# Noah Miller GitHub Python Project 2: Natural Language Processing  Amazon Product Reviews

### Note: This project is adapted from a project from one of my graduate classes with ideas and code borrowed from other souces. I will make citations in the code and at the end of this document.

In this notebook, we will be investigating Amazon product reviews. The dataset in question comes from https://www.kaggle.com/kritanjalijain/amazon-reviews?select=train.csv and consists of a spreadsheet containing a review, the review title, and whether or not the review is positive (denoted by a 2) or negative (denoted by a 1). The business application of this project is to identify terms associated with good reviews, terms associated with bad reviews, and whether or not we can use machine learning methods to identify if a review is good or bad. We can use this information to suggest the sale of an alternative product in the case of a bad review. Likewise, we can use this information to suggest more of the same or similar products to users who leave good reviews.


## Step 1: Data Importing and Preprocessing

In this step, let's first view our data frame before any preprocessing takes place. For the sake of speed and computational resources, we will limit our training data to only 500,000 of the original 3.6 million samples. We will sample these observations randomly to ensure the data set is not biased.

In [1]:
import warnings
warnings.filterwarnings('ignore')  # Filters out red boxes due to warnings
import pandas as pd  # Great for manipulating data frames
from dask import dataframe as dd  # I found this was faster for reading in csv files
#pd.options.mode.chained_assignment = None  # Disables chained assignments
# The solution above helped me assign one column to be another one and comes from
# https://stackoverflow.com/questions/49728421/pandas-dataframe-settingwithcopywarning-a-value-is-trying-to-be-set-on-a-copy
import numpy as np  # Great for numerical manipulation
import nltk  # Natural lanuage toolkit
from nltk.corpus import stopwords, wordnet  # For preprocessing our data
from vaderSentiment.vaderSentiment import SentimentIntensityAnalyzer  # For analyzing sentiments later on
import multiprocess as mp  # Similar to multiprocessING, but just works better for Jupyter Notebook

amazon_reviews = dd.read_csv("/Users/noahmiller/Downloads/train.csv", header=None)  # Reading in through Dask is a little faster
amazon_reviews = amazon_reviews.compute()  # Turns Dask data frame into Pandas data frame
amazon_reviews = amazon_reviews.rename(columns={0: "Sentiment", 1:"Title",2:"Review"})  # Had to assign these manually
amazon_reviews = amazon_reviews.dropna()  # Removes null values
amazon_reviews = amazon_reviews.sample(n=500_000, random_state=123)  # Using 500,000 samples; the entire set was too much, even for my gaming PC with 6 cores and 32 GB of RAM. 
amazon_reviews.head()

Unnamed: 0,Sentiment,Title,Review
91242,1,"""Signs"" is the most hideous sci-fi film I ever...",This was the most disappointing sci-fi film I ...
62299,1,Mukluks,"Comfy, but not made as well as I hoped. Socks ..."
110813,1,Not that great,"Barbara Delinski is a great author, but this b..."
120160,1,Booring Bugggery,Buns! Buggery! Brutality! Booring! The littery...
117321,1,HOUSEBOY,THIS MOVIE IS FAIR. ENTERTAINING BUT NOT A GRE...
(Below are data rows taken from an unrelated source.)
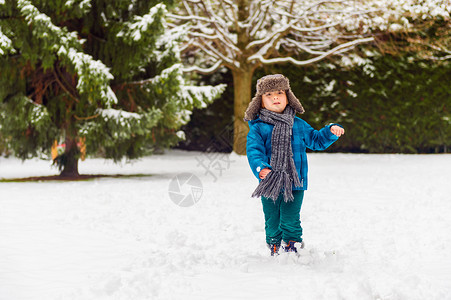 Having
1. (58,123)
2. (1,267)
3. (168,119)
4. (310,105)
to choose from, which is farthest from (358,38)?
(1,267)

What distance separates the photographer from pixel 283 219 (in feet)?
15.4

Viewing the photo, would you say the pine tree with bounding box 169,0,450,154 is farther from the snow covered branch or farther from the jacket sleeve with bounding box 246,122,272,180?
the jacket sleeve with bounding box 246,122,272,180

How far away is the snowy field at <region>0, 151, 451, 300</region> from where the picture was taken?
3.86 meters

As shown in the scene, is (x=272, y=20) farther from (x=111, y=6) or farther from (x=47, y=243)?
(x=47, y=243)

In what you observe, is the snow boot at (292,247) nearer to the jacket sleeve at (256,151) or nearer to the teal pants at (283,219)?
the teal pants at (283,219)

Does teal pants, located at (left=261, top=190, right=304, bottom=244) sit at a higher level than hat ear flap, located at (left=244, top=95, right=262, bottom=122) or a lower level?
lower

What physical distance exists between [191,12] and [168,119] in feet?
16.3

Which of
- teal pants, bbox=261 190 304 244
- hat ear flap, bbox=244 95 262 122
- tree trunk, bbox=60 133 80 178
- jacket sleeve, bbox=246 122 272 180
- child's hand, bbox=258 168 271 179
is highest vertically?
hat ear flap, bbox=244 95 262 122

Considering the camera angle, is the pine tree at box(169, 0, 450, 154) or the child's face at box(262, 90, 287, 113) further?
the pine tree at box(169, 0, 450, 154)

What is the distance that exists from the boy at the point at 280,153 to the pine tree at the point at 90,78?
643 cm

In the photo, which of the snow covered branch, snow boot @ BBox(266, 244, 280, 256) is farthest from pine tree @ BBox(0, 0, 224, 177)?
snow boot @ BBox(266, 244, 280, 256)

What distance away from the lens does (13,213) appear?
7.16m

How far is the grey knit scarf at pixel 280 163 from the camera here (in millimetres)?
4477

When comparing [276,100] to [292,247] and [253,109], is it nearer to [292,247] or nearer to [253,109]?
[253,109]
With these records read in and in a well-structured format, we can begin to process the data. First, we can reset the index of this data set. Observe that the index of the data frame above above has no discernable order.

In [2]:
amazon_reviews = amazon_reviews.reset_index(drop=True)
amazon_reviews.head()

Unnamed: 0,Sentiment,Title,Review
0,1,"""Signs"" is the most hideous sci-fi film I ever...",This was the most disappointing sci-fi film I ...
1,1,Mukluks,"Comfy, but not made as well as I hoped. Socks ..."
2,1,Not that great,"Barbara Delinski is a great author, but this b..."
3,1,Booring Bugggery,Buns! Buggery! Brutality! Booring! The littery...
4,1,HOUSEBOY,THIS MOVIE IS FAIR. ENTERTAINING BUT NOT A GRE...
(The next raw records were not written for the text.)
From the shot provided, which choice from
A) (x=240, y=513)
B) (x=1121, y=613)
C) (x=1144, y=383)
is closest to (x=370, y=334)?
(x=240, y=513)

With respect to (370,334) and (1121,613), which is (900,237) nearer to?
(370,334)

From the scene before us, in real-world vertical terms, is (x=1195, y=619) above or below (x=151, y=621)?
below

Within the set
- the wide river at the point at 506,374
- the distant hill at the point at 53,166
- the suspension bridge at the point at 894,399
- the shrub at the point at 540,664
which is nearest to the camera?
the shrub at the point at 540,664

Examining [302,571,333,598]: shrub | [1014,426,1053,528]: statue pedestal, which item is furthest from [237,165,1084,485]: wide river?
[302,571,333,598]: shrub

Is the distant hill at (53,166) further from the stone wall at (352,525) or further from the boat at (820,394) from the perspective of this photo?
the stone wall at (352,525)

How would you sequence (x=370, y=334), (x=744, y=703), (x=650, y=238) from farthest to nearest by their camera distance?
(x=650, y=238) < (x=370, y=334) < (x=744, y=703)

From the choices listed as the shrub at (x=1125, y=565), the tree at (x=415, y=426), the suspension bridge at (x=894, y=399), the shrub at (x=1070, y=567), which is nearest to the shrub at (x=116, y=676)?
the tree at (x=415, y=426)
This data frame is a lot more simple than before. We can make it even more simple, however, by considering sentiments of 1 to be Negative and by considering sentiments of 2 to be Positive. For this, it's easy enough to just use a lamba function on the desired column.

In [3]:
amazon_reviews['Sentiment'] = amazon_reviews['Sentiment'].map(lambda x: "Negative" if x==1 else "Positive")
amazon_reviews.head()

Unnamed: 0,Sentiment,Title,Review
0,Negative,"""Signs"" is the most hideous sci-fi film I ever...",This was the most disappointing sci-fi film I ...
1,Negative,Mukluks,"Comfy, but not made as well as I hoped. Socks ..."
2,Negative,Not that great,"Barbara Delinski is a great author, but this b..."
3,Negative,Booring Bugggery,Buns! Buggery! Brutality! Booring! The littery...
4,Negative,HOUSEBOY,THIS MOVIE IS FAIR. ENTERTAINING BUT NOT A GRE...
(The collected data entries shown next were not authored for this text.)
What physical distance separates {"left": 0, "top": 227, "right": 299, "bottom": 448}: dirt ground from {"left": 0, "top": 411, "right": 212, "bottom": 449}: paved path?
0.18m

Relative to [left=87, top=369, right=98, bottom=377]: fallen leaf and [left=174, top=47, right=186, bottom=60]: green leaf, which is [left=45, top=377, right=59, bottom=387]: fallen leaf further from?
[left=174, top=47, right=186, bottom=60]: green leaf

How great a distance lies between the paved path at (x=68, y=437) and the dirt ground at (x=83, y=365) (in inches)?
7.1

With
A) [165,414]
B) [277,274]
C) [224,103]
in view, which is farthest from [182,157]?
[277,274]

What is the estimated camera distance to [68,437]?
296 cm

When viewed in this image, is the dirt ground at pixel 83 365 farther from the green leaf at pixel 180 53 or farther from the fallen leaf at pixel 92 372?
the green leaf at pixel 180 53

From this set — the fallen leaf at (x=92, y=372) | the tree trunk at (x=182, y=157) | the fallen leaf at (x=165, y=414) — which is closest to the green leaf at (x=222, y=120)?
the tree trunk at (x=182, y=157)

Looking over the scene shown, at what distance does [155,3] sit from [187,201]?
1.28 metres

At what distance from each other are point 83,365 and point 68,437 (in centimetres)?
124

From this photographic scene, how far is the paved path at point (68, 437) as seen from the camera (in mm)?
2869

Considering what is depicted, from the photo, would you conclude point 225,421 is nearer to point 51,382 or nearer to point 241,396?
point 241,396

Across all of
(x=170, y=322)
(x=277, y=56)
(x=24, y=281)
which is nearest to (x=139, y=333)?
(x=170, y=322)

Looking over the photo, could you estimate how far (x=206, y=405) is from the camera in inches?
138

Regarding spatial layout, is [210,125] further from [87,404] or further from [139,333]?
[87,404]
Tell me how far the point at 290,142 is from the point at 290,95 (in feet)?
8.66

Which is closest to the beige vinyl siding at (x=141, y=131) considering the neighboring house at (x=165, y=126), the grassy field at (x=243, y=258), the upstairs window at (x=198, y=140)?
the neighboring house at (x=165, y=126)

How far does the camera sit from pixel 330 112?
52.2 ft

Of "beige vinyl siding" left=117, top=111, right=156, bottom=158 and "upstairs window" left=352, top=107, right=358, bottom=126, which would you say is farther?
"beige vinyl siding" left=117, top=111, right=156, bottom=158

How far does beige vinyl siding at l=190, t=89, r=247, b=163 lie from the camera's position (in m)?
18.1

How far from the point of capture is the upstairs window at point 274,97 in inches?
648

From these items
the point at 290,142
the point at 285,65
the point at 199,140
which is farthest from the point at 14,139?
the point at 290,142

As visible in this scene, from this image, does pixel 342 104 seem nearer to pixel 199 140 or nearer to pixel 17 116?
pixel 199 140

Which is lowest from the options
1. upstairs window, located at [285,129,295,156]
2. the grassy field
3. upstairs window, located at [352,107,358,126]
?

Observe that the sentiment column now consists of the words "Negative" and "Positive" to denote the sentiment of a review.

This next cell is where a lot of the preprocessing takes place. The function below will, in order:
* Remove puncutation from the columns
* Remove non-alphanumeric characters from the columns
* Convert the columns to lowercase
* Remove stopwords from the sentence

Likewise, I'd added in some additional logic which will allow Python to perform this processing in parallel. I have done this through the *multiprocess* module. That's not a typo; *multiprocess* is a fork of the *multiprocessing* module which just works better for Jupyter Notebooks, like this one. 

In [4]:
# Credit for parts of this InputProcessing function go to 
# https://erleem.medium.com/nlp-complete-sentiment-analysis-on-amazon-reviews-374e4fea9976
# This is where I got the parts for removing non-alphanumeric, converting to lowercase, and removing stopwords


import string

stopwords_list = stopwords.words('english')
def InputProcessing(raw_input):
    # Removing punctuation
    raw_input = raw_input.translate(str.maketrans('', '', string.punctuation))
    # Removing non-alphanumeric characters from string
    raw_input = raw_input.replace('[^a-zA-Z0-9 ]', '')
    # Converting to lowercase
    raw_input = raw_input.lower()
    raw_input = raw_input.split()
    # Remove stopwords
    raw_input = [item for item in raw_input if item not in stopwords_list]
    clean_output = ' '.join([str(elem) for elem in raw_input])
    return clean_output

with mp.Pool(mp.cpu_count()) as pool:  # Processing in parallel
    amazon_reviews['Review'] = pool.map(InputProcessing, amazon_reviews['Review'])
    pool.close()
    pool.join()
    
with mp.Pool(mp.cpu_count()) as pool:  # Processing in parallel
    amazon_reviews['Title'] = pool.map(InputProcessing, amazon_reviews['Title'])
    pool.close()
    pool.join()
    
amazon_reviews.head()

Unnamed: 0,Sentiment,Title,Review
0,Negative,signs hideous scifi film ever watched,disappointing scifi film ever watchedyou alien...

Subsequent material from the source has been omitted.